If you have made the decision to apply for a home equity line of credit (HELOC), then familiarizing yourself with its features will simplify the application process. In addition, when you draw against the loan, you will know how that loan works and what to expect.
Features to understand when applying:
Your home must have equity available in order to qualify for a HELOC. The amount of the outstanding mortgage must be less than the value of the home. Many banks will loan you up to 80% of the home value less the amount you owe. In addition, the lender will consider your payment history, monthly income, employment history and monthly debts.
The index is a financial benchmark used by lenders to set interest rates on most consumer loan products. Many lenders use the Wall Street Journal prime rate.
The margin is the premium added to the index to calculate the interest rate for the HELOC.
The bank will use a standard calculation to determine your credit limit. For example, if the bank allows a maximum limit of 80% of the home’s value and your home appraises for $425,000 with a balance of $130,000, then the credit line would be for $210,000 ($425,000 x 80% = $340,000 – $130,000 = $210,000).
The Draw Period
The draw period is the length of time during which you can take out money against the equity in your home. Draw periods can vary between banks and individual situations; however, most HELOCs have a 10 year draw period. Your bank will issue HELOC checks or an access card to use the line of credit. Or your bank may give you access through online banking. After you access the line of credit, you receive a monthly bill with a minimum payment. Some lines of credit have a minimum monthly payment that covers only interest; therefore, it is prudent to predetermine if this is the case for your HELOC.
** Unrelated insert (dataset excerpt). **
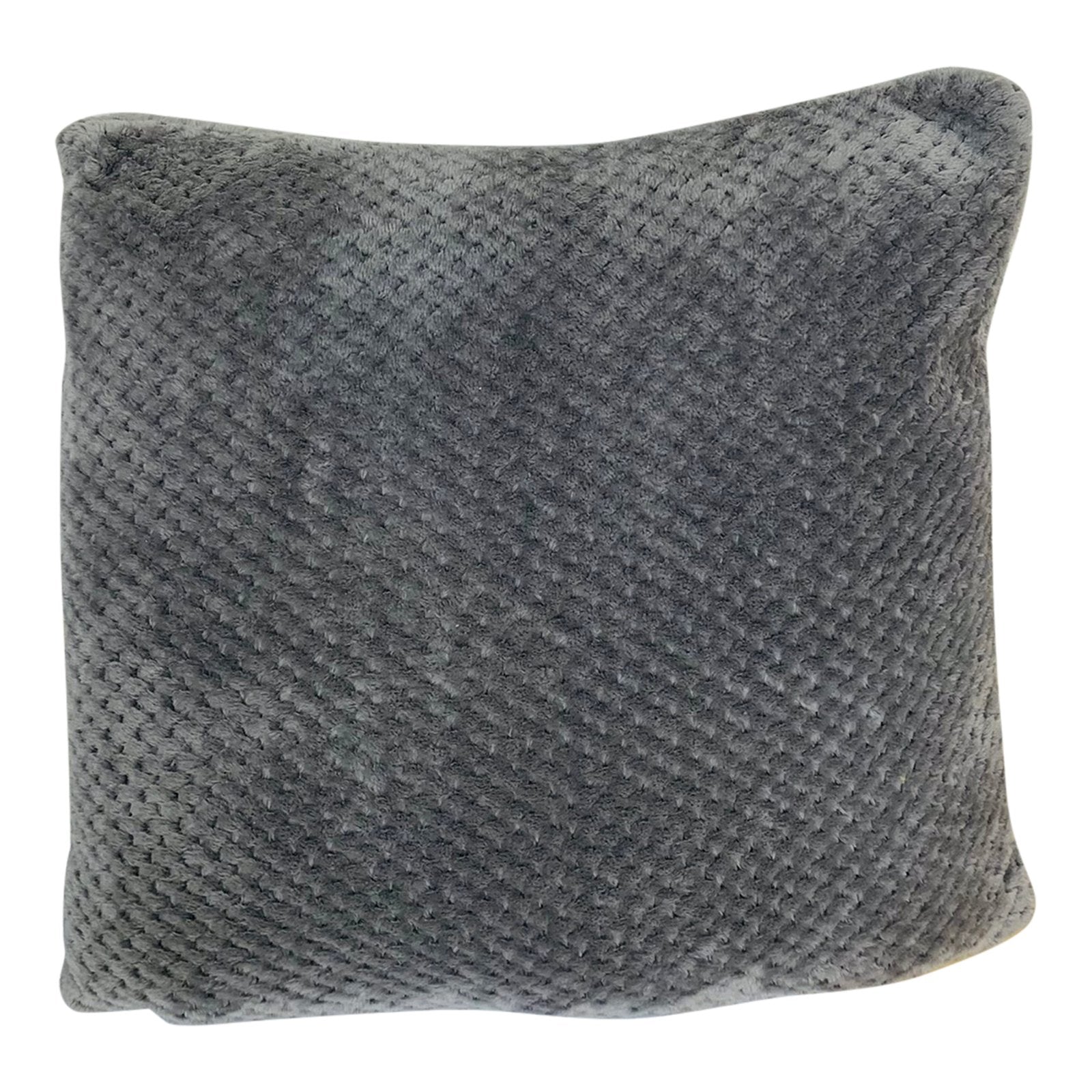 Textured Scatter Cushion Grey 45cm-0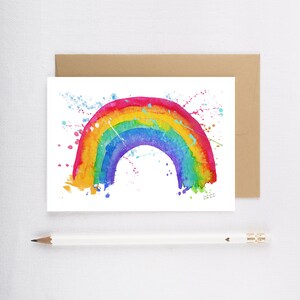 Regenbogen-Karte - Positivität Karte - denken Sie - Isolation Karte - Tasche Umarmung - Quarantäne-Note-Karte - fehlt Ihnen, positive Vibes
The lender will charge interest on any amount you draw against your HELOC. Because many home equity lines of credit carry variable interest rates, the amount owed each month may change. A HELOC is a home loan, and the interest paid is typically tax deductible, although it is wise to double check with a tax advisor about your individual situation. In addition, most banks have the right to decrease the line of credit with proper notice, and some home equity lines of credit contain an option to convert all or part of the variable rate balance to a fixed interest rate.